The psychology of Father Konstantin is more complicated than simple fear. His attitude towards Vasya is always internally contradictory to the point of self-deception. He is attracted to and frightened by Vasya’s daring and vividness. He vilifies Vasya for her feral energy and defiant manners, calling her a devil, a beast, a witch, but cannot help falling for her charms. He is deeply entrenched in patriarchal beliefs, expecting women to please and breed under male orders, and he, as a member of the male class, feels morally entitled to punish any non-conforming members of the female class. He conspires with Vasya’s stepmother in sending Vasya to a convent, despite knowing being locked up in the convent will kill everything in this girl that intrigues him. He pities Vasya for she must lead a life that men like him force her to lead, and calls that fate the women’s fate. What a hypocrite and a coward of him, hidden under a mask of piety.

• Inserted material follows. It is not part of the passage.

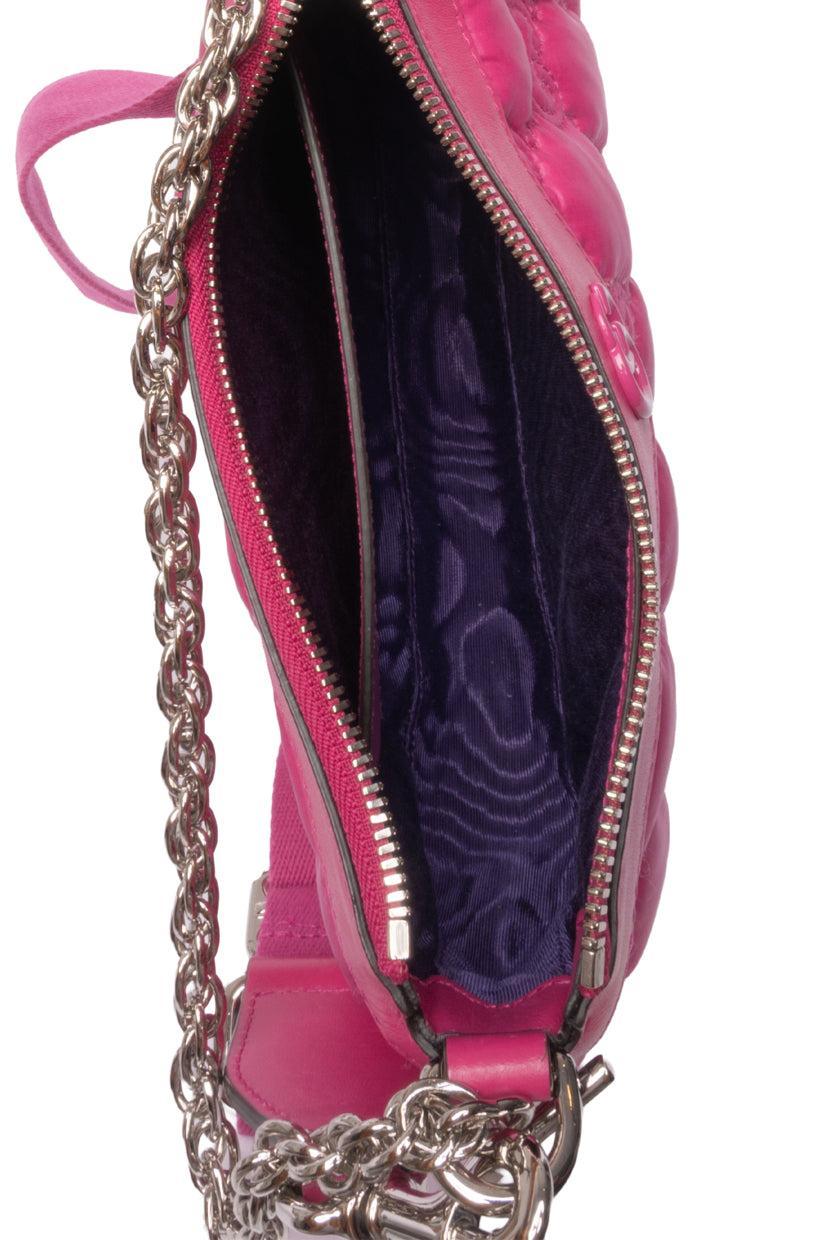 Gucci Small GG Quilted Matelasse Leather Trim Shoulder Bag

A centering theme of the book lies in the three-stage prophecy repeatedly told to Vasya, and to the readers: first comes fear, next fire, next famine. Why is fear the start of a series of disasters? I think this passage reveals some clue.
“God, thought Vasya, when the service haltingly renewed. Here? Chyerti cannot come into churches; they are creatures of this world, and church is for the next.”

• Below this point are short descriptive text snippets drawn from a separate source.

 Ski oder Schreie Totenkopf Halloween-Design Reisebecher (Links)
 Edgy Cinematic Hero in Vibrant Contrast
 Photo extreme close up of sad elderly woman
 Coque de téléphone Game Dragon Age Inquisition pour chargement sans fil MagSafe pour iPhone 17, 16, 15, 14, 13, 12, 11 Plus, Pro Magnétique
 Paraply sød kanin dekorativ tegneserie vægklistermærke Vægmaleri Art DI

What does the notion of “God” represent here? As the passage above suggests, God represents the next world, the life after this life. Fear for God is fear for death. Why is fear for death the beginning of self-destruction? In my opinion, it is because this fear is man-made, its origin illusional. When someone starts to see natural ways as sinful and death as punishment for sinning, she or he holds up illusions over the nature’s law.
The magical creatures do not fear death. They have an innate understanding of mortality, which is developed from living a life in accordance to the natural rhythms of growth and decay. —— Everything dies. Despite all his knowledge in Christianity and icon-creation, the priest is ignorant in critical matters — he does not understand life. He tries to subvert the law of nature and replace it with the authority of a man-made God. The reverence to a man-made God, accompanied by the irreverence to nature’s order, fuel the fear among villagers, empower the bear, and bring on destruction. The bear can only be bound by two things: the frost God Morozko in midwinter, when his power is at the peak, or a brave parent who is willing to sacrifice his life for his children. Only nature’s relentless showing of her power, or human’s brave confrontation can stop the foolish behavior of self-destruction.

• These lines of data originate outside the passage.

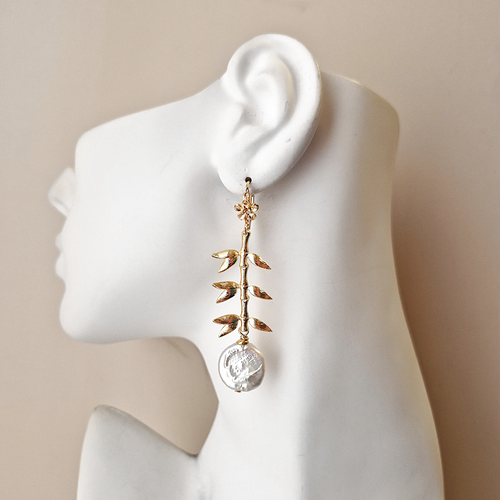 Bamboo Leaves with Pearls Lever back Earrings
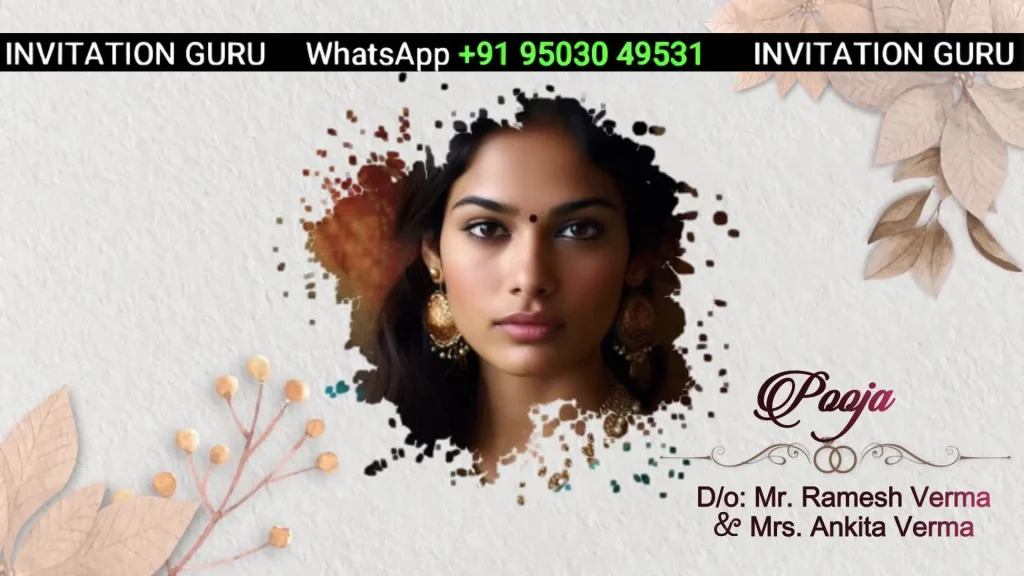 Wedding Invite Brown Leaf 161 – personalised wedding invitation video by InvitationGuru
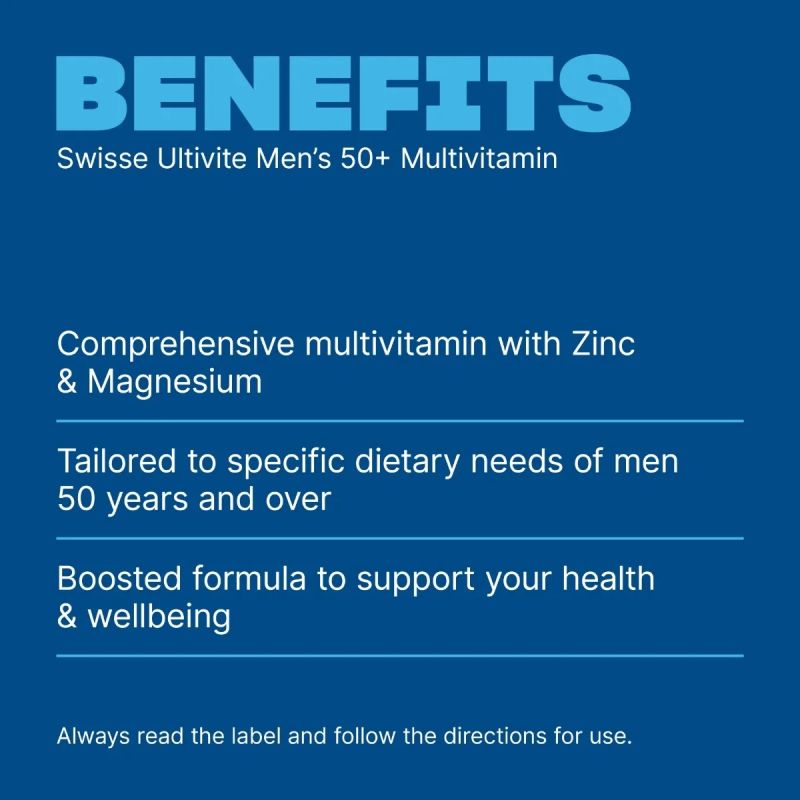 Swisse Ultivite Men's 50 + Multivitamin 60 Tablets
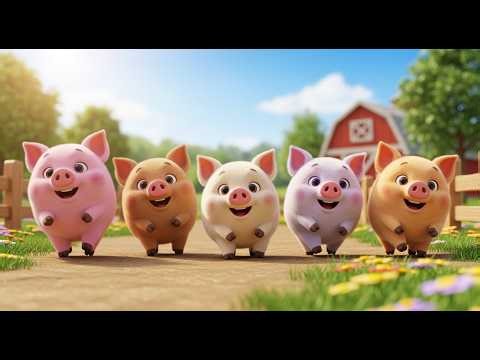 Five Little Piglets Go Oink Oink Oink | Farm Animal Sounds & Counting Song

The story is a beautiful folklore. It swims through magic waters, breathes the quaint air of a long medieval Russian winter. But it is also relevant to contemporary awarenesses and challenges. I see this story as a warning letter to the men’s insolence engendered by their ignorance, a celebration over the triumph of nature, a love song to the magic and glamor of wilderness, and a philosophical contemplation over the meaning of life and mortality.